Es tut gut, sich von diesen Menschen Mut machen zu lassen. Mary Baker Eddy spielt für mich in dieser Hinsicht eine große Rolle. Sie ging im 19. Jahrhundert viele Wege, die noch niemand vor ihr beschritten hatte. Sie konnte dies tun, weil sie sich auf Gott verließ. In ihrem Artikel »Dein Wille geschehe« (veröffentlicht in Vermischte Schriften 1883-1896) schreibt sie: »Die Barmherzigkeit hat den Mut der Überzeugung; ... Die Barmherzigkeit flieht niemals vor dem Irrtum, selbst wenn sie bei einem Zusammenstoß mit ihm leiden sollte. Liebet eure Feinde, sonst werdet ihr nicht frei von ihnen, und wenn ihr sie liebt, werdet ihr ihnen helfen, besser zu werden.« (S. 210/211)
Als ich darüber nachdachte, stand mir plötzlich folgender Satz vor Augen: Die Zukunft ist im Jetzt enthalten! Das heiß für mich, dass wir uns jetzt Gottes fürsorglicher, barmherziger Liebe anvertrauen. Und in dem Maße, wie wir das tun, sind die Wurzeln für das Weiterwachsen gefestigt und können ihre Nahrung bis an die Blattspitzen weitergeben. Gott manifestiert sich in all Seinen Ideen nach Seinem Wohlgefallen und zu unser aller Segen.

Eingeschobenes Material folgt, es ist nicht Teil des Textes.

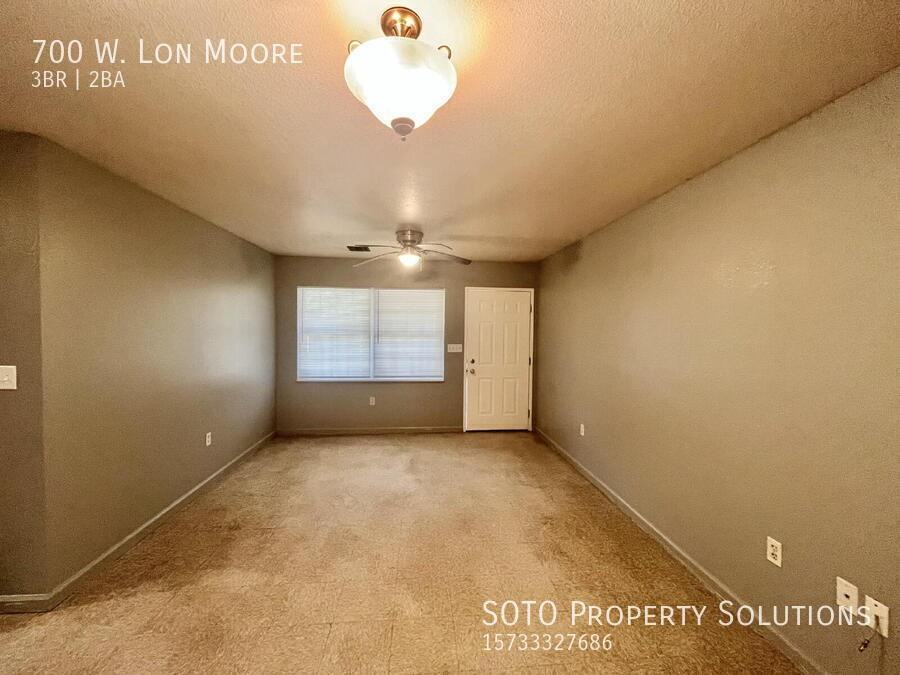 700 Lon Moore St - Photo 6 of 24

Der »Apfel« der Selbstständigkeit meines Mannes ist auf fruchtbaren Boden gefallen. Aus dem Mut, sich auf Gottes Ideen zu verlassen und Seine Ideen zu sehen und zu realisieren, ist ein Teesalon erwachsen, der einen vielfältigen Zuspruch erfährt. Die Besucher loben immer wieder die Atmosphäre, in der sehr viel Künstlerisches zu spüren ist, und nutzen diese Atmosphäre zum Verschnaufen wie zu Begegnungen und zum Gedankenaustauschen. Mein Mann und ich freuen uns sehr darüber, dass sich der Unterton bei jetzigem Anerkennen unseres Mutes deutlich ins Mitfreuen gewandelt hat!